This is the mail archive of the
gcc@gcc.gnu.org
mailing list for the GCC project.
-O4 needed
- To: egcs at cygnus dot com
- Subject: -O4 needed
- From: Patrik Hagglund <patha at ida dot liu dot se>
- Date: Fri, 11 Sep 1998 10:41:30 +0200
I compared the running times of a mergesort program (follows below)
compiled with cc -fast (UltraSparcI-Sun 5.6) and gcc -O3 (egcs-1.1a):
100000 elements
cc -fast: 200 ms
gcc -O3 : 242 ms
Hmm... not good.
Then I tried to use more optimization flags:
100000 elements
cc -fast -xO5: 195 ms
gcc -O3 -fstrength-reduce -fthread-jumps -fcse-follow-jumps
-fcse-skip-blocks -frerun-cse-after-loop -frerun-loop-opt -fgcse
-fexpensive-optimizations -fregmove -fschedule-insns -fschedule-insns2
-ffunction-sections -fcaller-saves -funroll-loops -fmove-all-movables
-freduce-all-givs -fstrict-aliasing
: 202 ms
Hmm... much better. 20% better than just -O3, and almost as fast as
Suns compiler.
My question is: why not just put all those extra optimizations flags
(or almost all) that not are used in -O3 in a new -O4 flag.
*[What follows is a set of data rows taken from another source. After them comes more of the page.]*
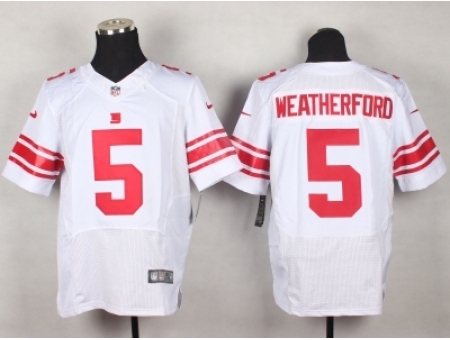 Nike New York Giants 5 Steve Weatherford white Elite NFL Jersey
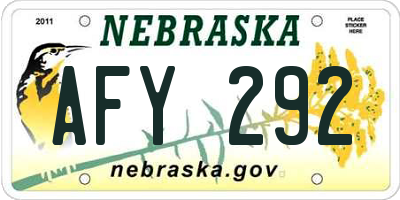 NE license plate AFY292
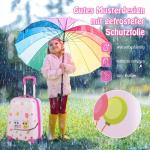 DREAMADE 2-delige kinderkoffer & rugzak, kinderkofferset, kindertrolley, handbagage, reisbagage, harde koffer voor kinderen, Roze uil, kinderkoffer set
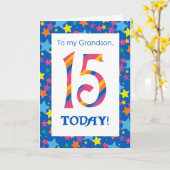 Carte d'anniversaire 15e pour Grandson, Stripes et (Fleur jaune)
I think
that 20% i a very significant improvement.
Thanks,
Patrik Hägglund
/* log, ceil */
# include <math.h>
/* gethrtime */
#include <sys/time.h>
/* printf */
#include <stdio.h>
/* malloc, rand */
#include <stdlib.h>
/* alloca */
#include <alloca.h>
typedef int item;
typedef struct { int *a; int n; } array_t;
/* #define COMP_COUNT */
#ifdef COMP_COUNT
int comp=0;
#endif
#ifdef COMP_COUNT
#define ordered(a, b) comp++, a <= b
#else
#define ordered(a, b) a <= b
#endif
array_t tmp;
/* n=10000: cc -fast 200 ms, gcc -O3 242 ms */
void
merge(array_t a1, array_t a2)
{
int p1, p2, r;
/* if( ordered(*(a1.past-1), *a2.a)
return;
*/
/* copy one part to temporary storage */
/* tmp.a = alloca(a1.n * sizeof(item)); */
tmp.n = a1.n;
for(r = 0 ; r < a1.n ; r++)
tmp.a[r]= a1.a[r];
/* merge */
p1 = 0;
p2 = 0;
r = 0;
for(;;)
if( ordered(tmp.a[p1], a2.a[p2]) ) {
a1.a[r++] = tmp.a[p1++];
if( p1 >= tmp.n )
break;
}
else {
a1.a[r++] = a2.a[p2++];
if( p2 >= a2.n )
break;
}
/* move tmp-tail */
for(; p1 < tmp.n;)
a1.a[r++] = tmp.a[p1++];
}
void
mergesort(array_t array)
{
array_t left, right;
left.a = array.a;
left.n = array.n/2;
right.a = left.a + left.n;
right.n = array.n - left.n;
if( left.n > 1 )
mergesort(left);
if( right.n > 1 )
mergesort(right);
merge(left, right);
}
int
main(int argc, char *argv[])
{
array_t *lists;
int i, j, nr, mul;
hrtime_t t1, t2;
double c;
int max=0, min=10000000, sum=0;
/* number of elements */
nr = atoi(argv[1]);
/* number of test iterations */
mul = atoi(argv[2]);
lists = alloca(mul * sizeof(array_t));
tmp.a = alloca( (nr/2+1) * sizeof(int) );
for(j = 0; j < mul; j++) {
lists[j].a = malloc(nr * sizeof(int));
lists[j].n = nr;
for(i = 0; i < nr; i++) {
lists[j].a[i] = rand();
}
}
t1 = gethrtime();
for(j = 0; j < mul; j++) {
#ifdef COMP_COUNT
comp = 0;
#endif
mergesort(lists[j]);
#ifdef COMP_COUNT
sum += comp;
if (max < comp)
max = comp;
if (min > comp)
min = comp;
#endif
}
t2 = gethrtime();
printf("n=%d, msec: %f\n", nr, (t2 - t1)/1.0e6/mul);
#ifdef COMP_COUNT
c = 0;
for(i = 0; i < nr; i++)
c += log (i+1);
printf("number of comp, max %d, min %d, avg %d (theoretical: %d)\n", max, min, sum/mul, (int)ceil(c/log(2)) );
#endif
if (argc > 3) {
for(j = 0; j < mul; j++) {
for(i = 0; i < nr; i++) {
printf("%6d ", lists[j].a[i]);
}
printf("\n\n");
}
}
return 0;
}